If you will be using a gas-powered heater for tent camping, take into account the size and weight of the fuel cylinders you will need to bring along.
You want a heater that will warm up your tent effectively and efficiently. The BTU ratings will tell you the kind of heat output a heater has and whether it will be adequate for your tent and camping conditions.
BTU is short for British Thermal Units. It is the amount of energy a heater can produce. A high BTU rating means the heater has a high thermal output and emits a lot of heat. If you have a large tent or will be camping on snow, you need a high BTU rating. If you have a small tent or camp in mind weather, a lower BTU output will be sufficient.
Most heaters will list their BTU rating and the maximum tent space it is designed for. Small tent heaters have BTU ratings of about 3000 while the large ones have 18000+ BTU outputs. You can also calculate the exact amount of BTU your tent needs.
First, determine the length, width, and height of your tent and multiply the three measurements to determine the cubic feet of your tent. Next find out what kind of temperature you will be camping in and subtract it from the temperature you will want to maintain inside your tent.
Finally, use the following formulas to determine the BTU you need for the size of your tent and the camping temperature conditions:
Cubic Feet x Temperature Increase (in Fahrenheit) x .133 = Required BTUs
Cubic Feet x Temperature Increase (in Celsius) x .2394 = Required BTUs
Now, all you have to do is pick a tent heater with a BTU rating that matches the BTUs your tent and camping conditions require.
There are times you will want maximum heat output because you have a large tent, you want to warm up fast or because it is extremely cold. When the inside of the tent gets nice and toasty, you will want to reduce the heat output to a comfortable level.
To enjoy this adjustability, make sure the tent you use has high and low settings and allows you to adjust the heat level for your comfort and also for efficient heating and fuel consumption.
A tent is a small, enclosed space and safety is a major concern when running a gas or electric heater inside one. With any appliance that produces heat comes the risk of fire. Carbon monoxide poisoning is also a concern when using propane tent heaters in a tent. You want a safe heater you will be comfortable running in a tight space.
A heater for a tent should be designed with safety in mind and equipped with safety features such as low oxygen detection and automatic shut-off if oxygen levels are low. An overheat protection feature is also important as it will turn the heater off if it gets too hot.
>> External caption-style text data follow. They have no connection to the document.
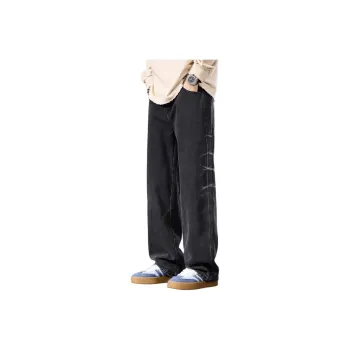 Tonlion Jeans Unisex Black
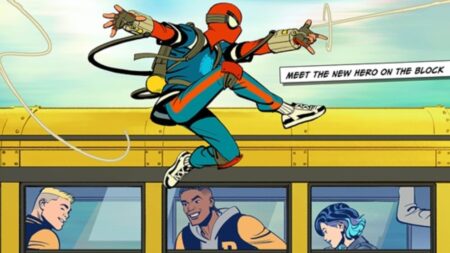 Seu Amigão da Vizinhança Homem-Aranha ganha novo pôster Seu Amigão da Vizinhança Homem-Aranha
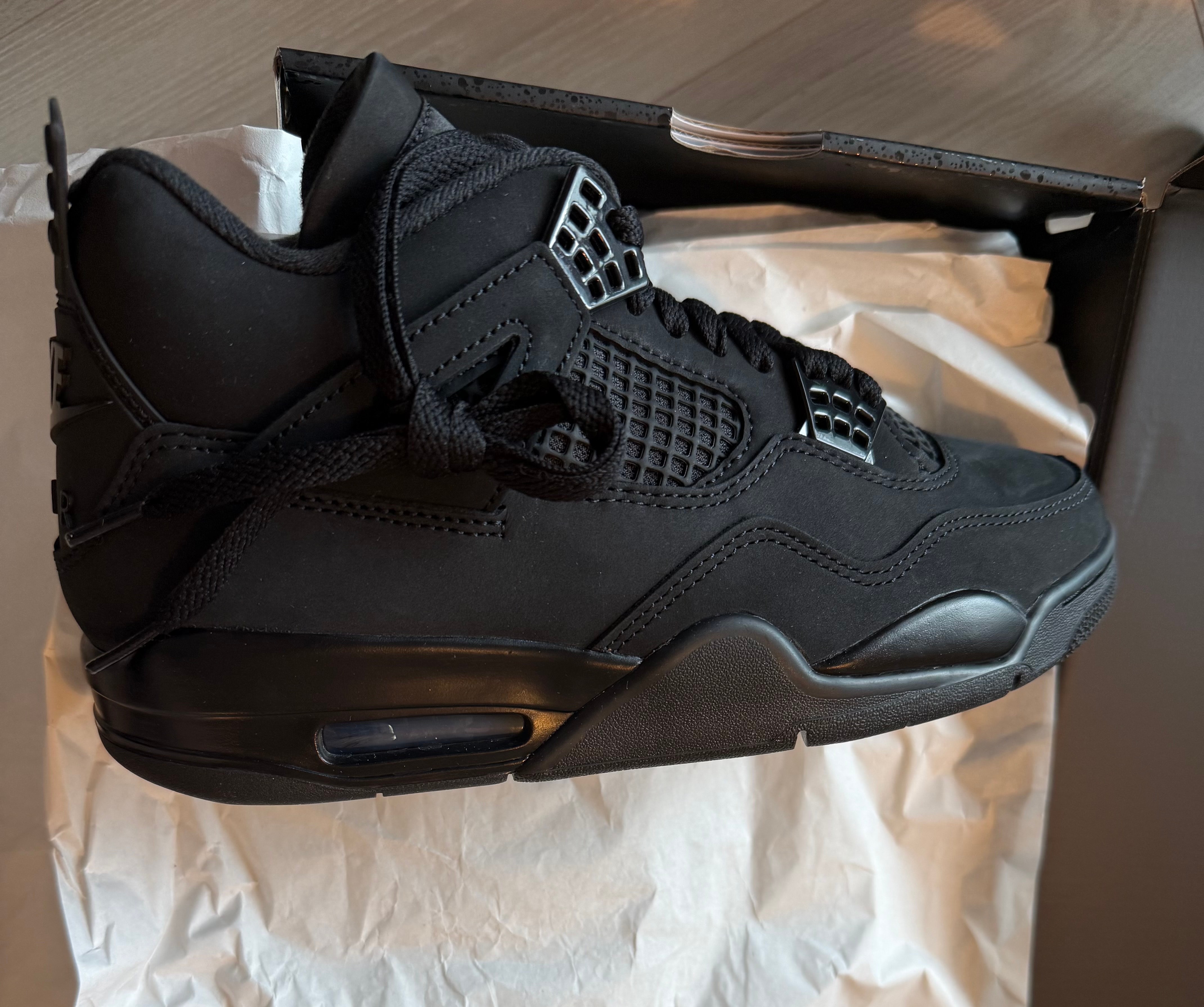 Nike Air Jordan 4 Retro OG "Black Cat" (2025)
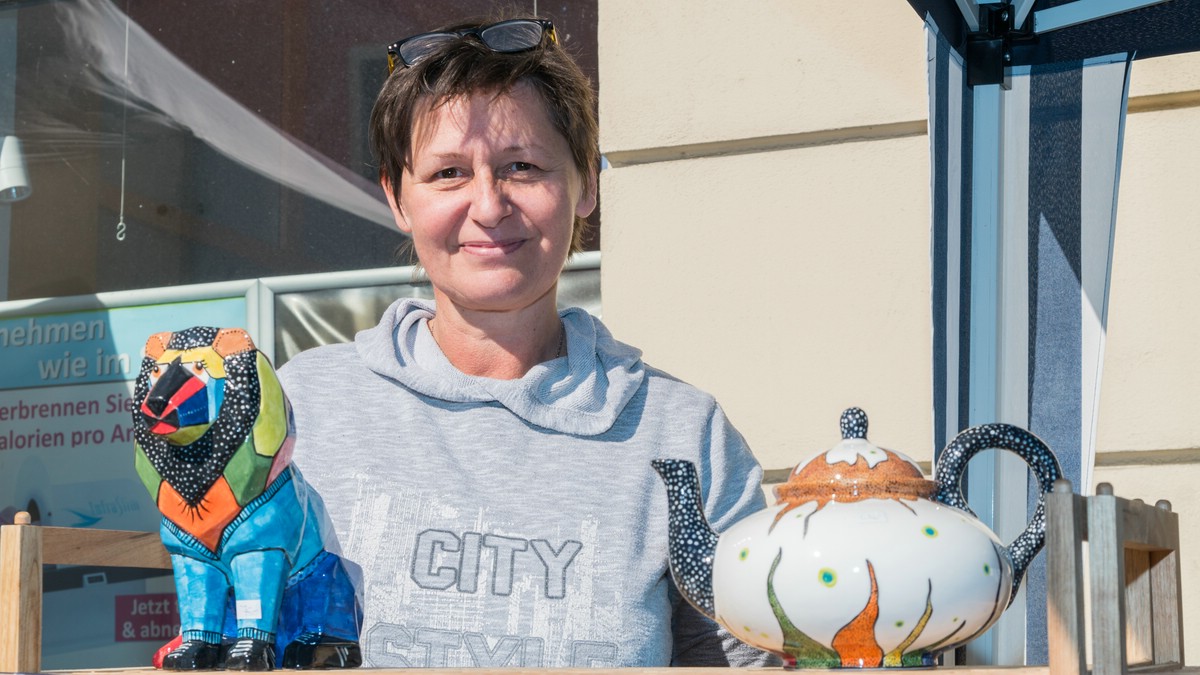 2018.10.13 - Gallusmarkt - Kunst- & Handwerksmarkt - Kremsmnster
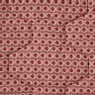 Wasbaar dekbed bloem - roze - 140x200 cm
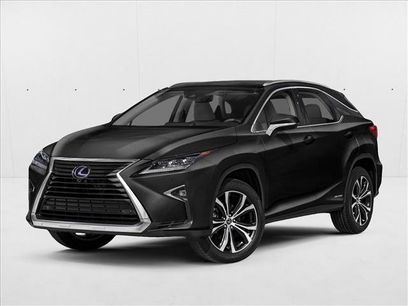 Used 2019 Lexus RX 450h F Sport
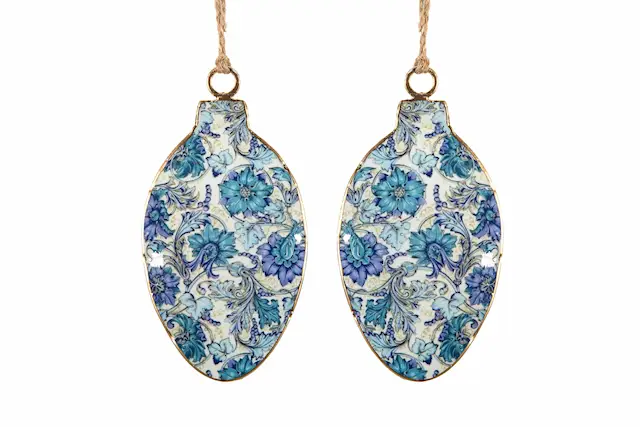 Emali Egg Flora Blue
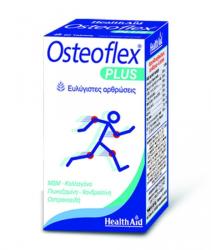 HEALTH AID Хранителна добавка за здрави стави и хрущял, Health Aid Osteoflex Plus 60 tabs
Buy a heater with a stable base and a tip over switch that automatically switches it off if it is tipped over. An automatic shut-off will protect you just in case you fall asleep with the heater on, as the heater will turn itself off after running for a while. A cool to touch exterior or a guard that prevents accidental contact with the hot heating elements is also important.
Make sure that the heater you choose has these safety mechanisms. Also, be sure to read the manual in order to know the ventilation requirements and safety hazards of your heater and how to use it safely.
Tent heater options include electric heaters, battery-powered tent heaters, and propane tent heaters. Each type of camping heater has its advantages and disadvantages. Take them into consideration as you decide on the best type of heater for your tent and camping conditions.
Portable gas powered heaters are the most popular camping tent heaters for use when camping in the wild where you don’t have access to electricity. If you will be setting up a tent on a campground with access to electrical power supply or hook up (EHU), you can use an electric heater for tent camping.
Electric heaters are safer to use in a tent as they do not produce carbon monoxide and their exterior remains cool to the touch. Their downside is that they require access to electricity and don’t produce as much heat as gas heaters. If you just want to pack an emergency heater just in case, chemical heaters are the ideal option.
When deciding on the type of heater to go for, consider the energy source the heater requires in order to produce heat and choose the most convenient option.
If you choose a gas-powered tent heater, you will have to lug along fuel canisters. Propane tent heaters are the most commonly used as propane is readily available, clean-burning and it stays in liquid form in frigid conditions.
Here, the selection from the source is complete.